On a souvent comparé Wanda à la Femme sous influence que campait Geena Rowlands dans le film de son mari John Cassavetes. Mais si Wanda est sous influence, ce n’est que sous la sienne propre : paraissant indifférente à son mari et à ses enfants, la vie ne fait que glisser sur elle. Son visage est empreint d’une expression unique, elle ne semble pas avoir conscience de son corps qu’elle met pourtant en avant. Wanda, c’est une femme sans influence. Elle aimerait peut-être être comme Mable, pleine d’un amour débordant pour tous : son mari, ses enfants, ses voisins, les passants. Abandonnée dans la ville comme Mable attendant ses enfants revenant de l’école, elle s’accroche aux hommes croisant son chemin. Car si Mable est une femme comme l’affirme le titre, à la fois épouse et mère, Wanda semble devoir prouver qu’elle appartient au genre féminin, et qu’elle est bien un individu.

Ce qui est plus incertain encore que Wanda, c’est le monde qui l’entoure : les hommes fuient au petit matin, un bistrotier en costume se révèle être un petit escroc. Dans Wanda, tout est sous le règne du faux, du trompe-l’œil, dont les catacombes que visite Wanda sont le point d’orgue : un Christ en résine affiche un corps et un visage d’enfant vêtu d’un caleçon. Quand Wanda se sera trouvée, le monde n’en sera pas plus structuré : où sommes-nous à la fin du film ? Dans un bordel ou dans une joyeuse communauté hippie ?

  Wanda (c) D.R.

On retrouve le monde de Wanda dans le Mike Douglas Show présent dans les bonus du DVD. Alors que Yoko Ono et John Lennon émettent des propos incohérents et entonnent un des morceaux de Yoko, Barbara Loden tape sur des bongos, semblant être la seule créature saine du spectacle (et Mike Douglas n’a pas même vu le film de son invitée !).

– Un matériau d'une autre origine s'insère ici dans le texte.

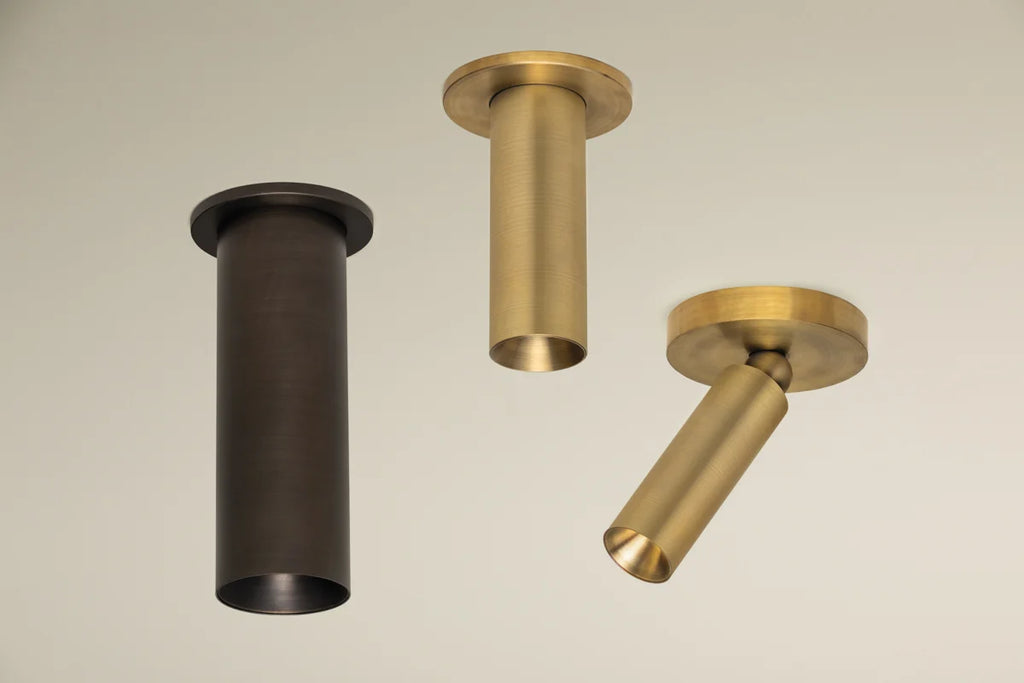 Luxe Pivot Flush Mount Patina Brass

Au-delà de ses spécificités esthétiques, entre documentaire, nouvelle vague et nouveau cinéma américain, Wanda est un film unique et irremplaçable car il est avant tout l’histoire d’une femme qui ne parvient pas à transmettre son identité, ne serait-ce qu’à ses enfants. L’ironie du sort veut que la carrière du film, bien après la mort de Barbara Loden, soit l’histoire d’une transmission réussie, presque de mère en fille : Marguerite Duras voulait distribuer Wanda, puis c’est Isabelle Huppert qui s’est attelée avec succès à la tâche. Wanda est une histoire de femme et de spectatrices. Contrairement à Geena Rowlands, Barbara Loden n’a pas trouvé en son mari celui qui pouvait la dévoiler. Il a fallu qu’elle devienne un symbole en criant son indépendance, et c’est pour cela qu’aujourd’hui encore on se retrouve en elle.